The Club Players Association has dubbed the GAA's latest proposals to reform the playing calendar "inadequate" and said they fall "far short of what is required".
At a special Congress on September 30, called to push through reform of the hurling Championship in time for next season, seven motions relating to fixtures will be put forward.
The most notable is the reintroduction of 'extra extra time' - two halves of five minutes if teams are still deadlocked following the existing two of ten minutes - for knockout league games, All-Ireland qualifiers, provincial final replays and provincial club games.
If teams are still level after 100 minutes, a free-taking competition will decide the winner, except in the case of provincial final replays.
Another motion calls for the number of days that senior inter-county players are not expected to fulfil club championship fixtures to be reduced from the current 20 to 17 before All-Ireland senior finals and 10 before all other fixtures.
A similar motion, proposing a cut to 17 and 11 days respectively, failed at Congress earlier this year.
Counties in breach of the rule would forfeit home advantage for their next National League game in the respective code but it remains to be seen how it would be decided that counties had deliberately avoided scheduling fixtures within these time periods.

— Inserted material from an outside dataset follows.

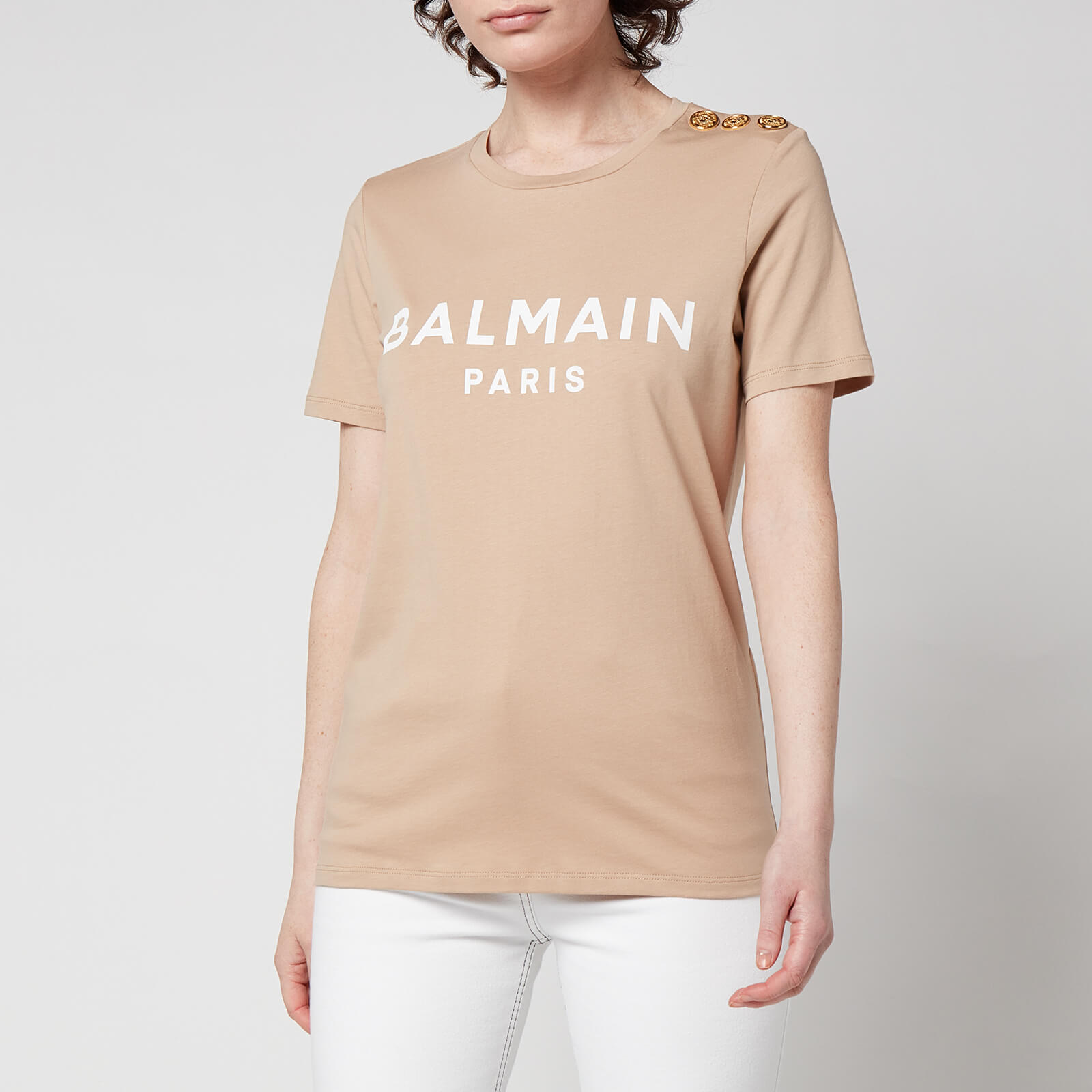 Balmain Women's 3 Button Printed Balmain T-Shirt - Beige - XS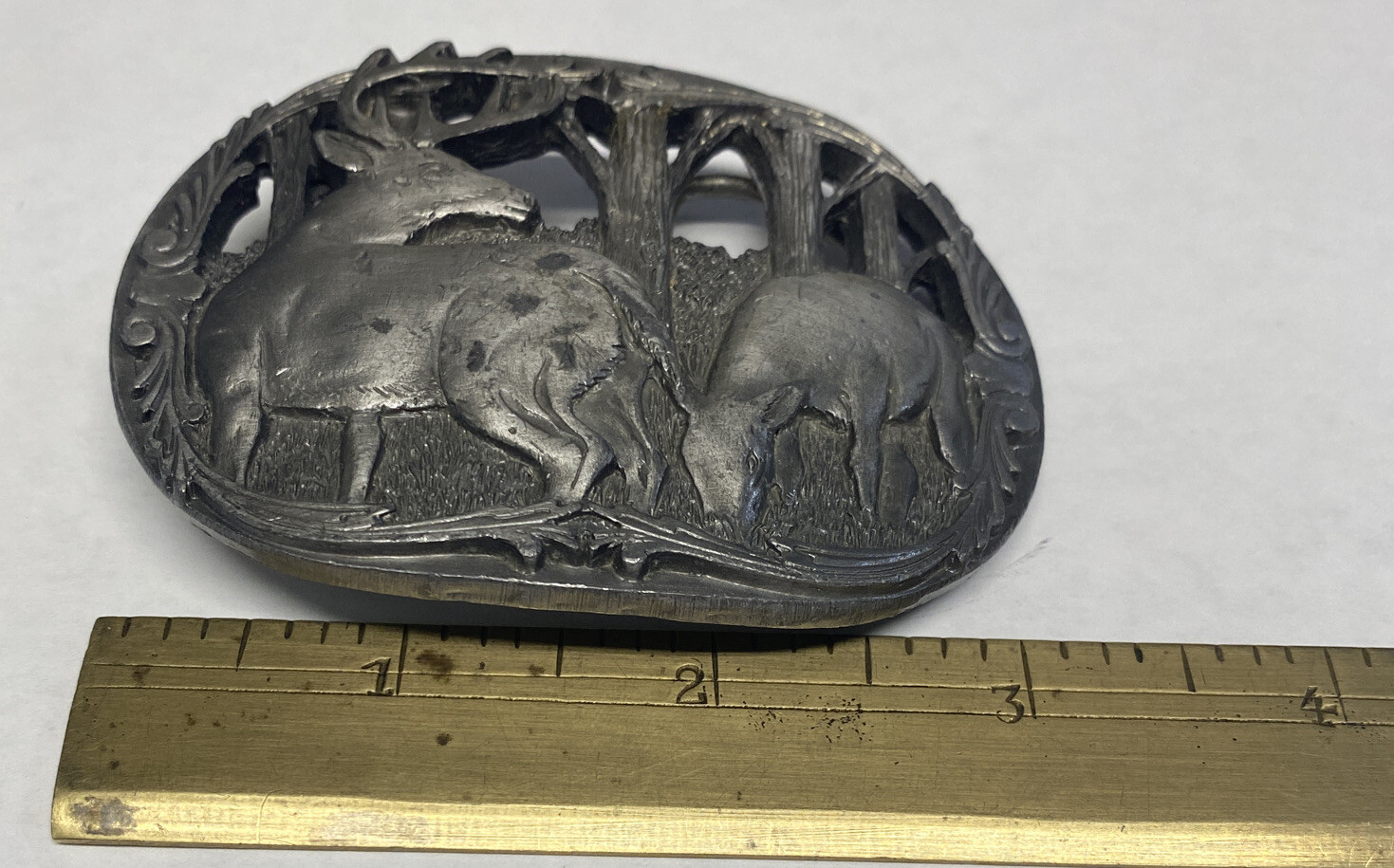 Vintage Men’s Belt Buckle 1990 C+J INC. Deer Theme Nice! Made un USA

The other motions relate to scheduling inter-county challenge matches, pre-season competitions being concluded before the end of the National Leagues and British GAA clubs being included in the provincial club championships, and arranging underage inter-county games.
CPA chairman Micheál Briody (below on the right) expressed his disappointment at the motion, saying: "We had hoped for one motion. A bold, brave and definitive motion that would cut through the short term planning and provide for a national fixtures plan for Club and County. A motion that would restore the balance in the GAA.
"It is the view of the CPA that the seven motions circulated fall far short of what is required from the leadership of the organisation. Leadership that repeats and uses the rhetoric of the Club and the Club player being at the centre of the GAA. There is a serious discord and disconnect between the idea and the reality in the GAA in the current era, and it is threatening the fabric of our Association.
"We are deeply concerned at the direction we are taking as an Association, with a growing imbalance between the income-generating big business wing of the GAA, directed and managed by paid officials, and the volunteer club ethos at local community level. The CPA is firmly in the latter category."
The CPA reiterated its call for three fundamental changes to fixture planning in Gaelic games: playing only club fixtures in April, playing off the club All-Ireland championships in a calendar year and forbidding fixtures at all levels in December to allow players to rest.
CPA statement in full
We have today been given sight of the motions (as attached) issued by Croke Park for the Special Congress that in their words, "Facilitate the Playing of Club Games.’
There are seven motions in total. We had hoped for one motion. A bold, brave and definitive motion that would cut through the short term planning and provide for a national fixtures plan for Club and County. A motion that would restore the balance in the GAA.
It is the view of the CPA that the seven motions circulated fall far short of what is required from the leadership of the organisation. Leadership that repeats and uses the rhetoric of the Club and the Club player being at the centre of the GAA. There is a serious discord and disconnect between the idea and the reality in the GAA in the current era, and it is threatening the fabric of our Association.
We are deeply concerned at the direction we are taking as an Association, with a growing imbalance between the income-generating big business wing of the GAA, directed and managed by paid officials, and the volunteer club ethos at local community level. The CPA is firmly in the latter category.
Individual club players and their club officials can decide if the motions circulated address their fundamental concerns about fixtures, about priorities in the GAA, about player welfare, about dropout rates and the future sustainability of their clubs, and about the duration and planning of the playing season.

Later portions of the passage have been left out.